A-Rod summers, sausage tasting
Date posted: May 27, 2014
Somehow, there’s a sense that major league baseball doesn’t miss Alex Rodriquez.
A summer without A-Rod is like a summer without gnats.
Must say, the Notebook’s been to a few “wine tastings” over the years.
A first, last Thursday: a sausage tasting.
This from Jimmy Legerski and Legerski Sausage Co. of Sheridan. Better Half Chandra Legerski was there as well at The Powderhorn, treating the ever-competitive, ever-hungry Thursday night men’s league to a variety of sample sausages available from Jimmy’s store on N. Main.
Jimmy’s sausage is also showing up on menus around Sheridan: Powder River Pizza features it, as does the new menu at the P.O. News. The Powderhorn, too.
Many know the best three words in the English language: “I love you.” The next best three: “You’ve lost weight.” And the next best three, right off the sign from Legerski Sausage: Made fresh daily.
While I’m on this word rant, the worst two words (the ones we can print): Album Only. (From iTunes.)

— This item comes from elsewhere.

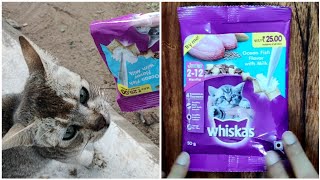 Whiskas Cat Food Review  Best Cat Kitten Food in India [upl. by Sharai507]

Department of incidental info……….
• The American Express Centurion Card, known as the Black Card, is considered the “World’s Most Exclusive Credit Card.” You can’t apply. You can only be invited based on your credit history and spending habits of roughly $21,000 a month. The card is black and made of made of titanium. Admission to this exclusive club isn’t cheap. If you are a U.S. resident, the first-year initiation fee is $7,500 and the annual fee is $2,500.
• There was a passing reference the other day about Jules Loh. He was one of the best reporters The Associated Press ever had. Loh, who died in 2010, covered both Kennedy assassinations, was celebrated for his coverage of the Civil Rights movement, including the funeral of the four bombing victims in Birmingham; he had a front row seat for Dr. Martin Luther King’s ‘Dream’ speech, covered NASA space launches, the Vietnam War and everything in between during a 40 year career.
Loh was the AP’s “apostle of brevity,” providing the AP and its member clients with thorough coverage and short stories. He was also well known for his expenses reports.
When questioned by the AP bean counters in New York for a laundry expense, Loh returned in the mail a dirty, smelly sock. Another time, he was asked about spending $45 a day for meals. Loh replied, “I don’t eat breakfast.”
“The idea is to die young as late as possible.”